We present a control framework that enables humanoid robots to perform collaborative transportation tasks with a human partner. The framework supports both translational and rotational motions, which are fundamental to co-transport scenarios. It comprises three components: a high-level planner, a low-level controller, and a stiffness modulation mechanism. At the planning level, we introduce the Interaction Linear Inverted Pendulum (I-LIP), which, combined with an admittance model and an MPC formulation, generates dynamically feasible footstep plans. These are executed by a QP-based whole-body controller that accounts for the coupled humanoid-object dynamics. Stiffness modulation regulates robot-object interaction, ensuring convergence to the desired relative configuration defined by the distance between the object and the robot's center of mass. We validate the effectiveness of the framework through real-world experiments conducted on the Digit humanoid platform. To quantify collaboration quality, we propose an efficiency metric that captures both task performance and inter-agent coordination. We show that this metric highlights the role of compliance in collaborative tasks and offers insights into desirable trajectory characteristics across both high- and low-level control layers. Finally, we showcase experimental results on collaborative behaviors, including translation, turning, and combined motions such as semi circular trajectories, representative of naturally occurring co-transportation tasks.
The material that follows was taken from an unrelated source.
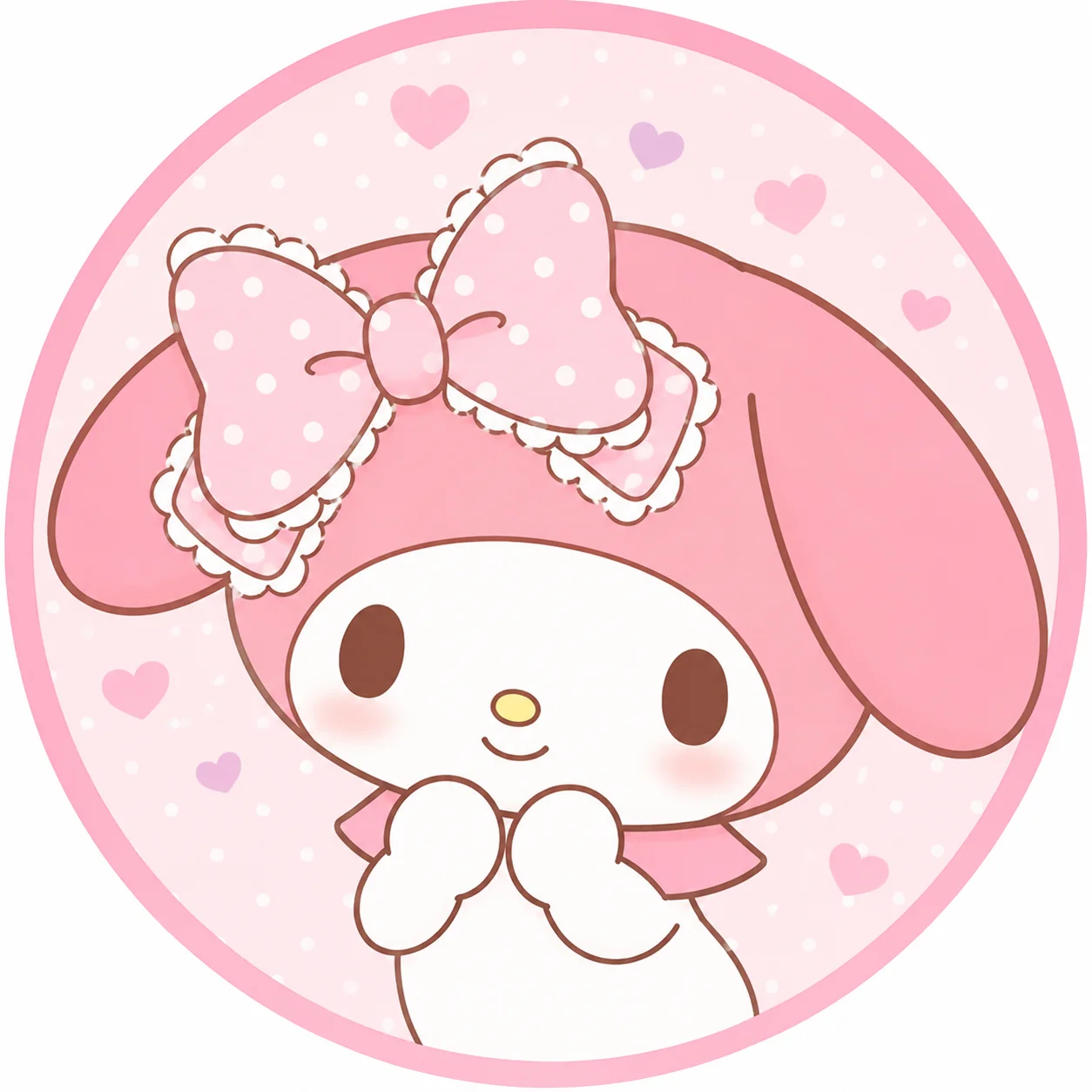 Classic kawaii My Melody avatar with pastel bow and gentle blush detail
翻译：本文提出一种控制框架，使人形机器人能够与人类伙伴协作执行搬运任务。该框架同时支持平移与旋转运动，这两者是协同搬运场景中的基本运动模式。框架包含三个组成部分：高层规划器、底层控制器及刚度调节机制。在规划层，我们引入交互线性倒立摆模型，结合导纳模型与模型预测控制公式，生成动力学可行的步态规划。这些规划通过基于二次规划的全身控制器执行，该控制器考虑了人形机器人-物体耦合动力学。刚度调节机制用于调控机器人-物体间的相互作用，确保系统收敛至由物体与机器人质心间距离定义的期望相对构型。我们在Digit人形机器人平台上通过实物实验验证了框架的有效性。为量化协作质量，我们提出一种效率度量指标，该指标同时捕获任务性能与智能体间协调性。实验表明该指标能突显柔顺性在协作任务中的作用，并为高层与底层控制层中理想轨迹特性提供见解。最后，我们展示了包括平移、转向及半圆形轨迹等复合运动在内的协作行为实验结果，这些运动代表了自然发生的协同搬运任务。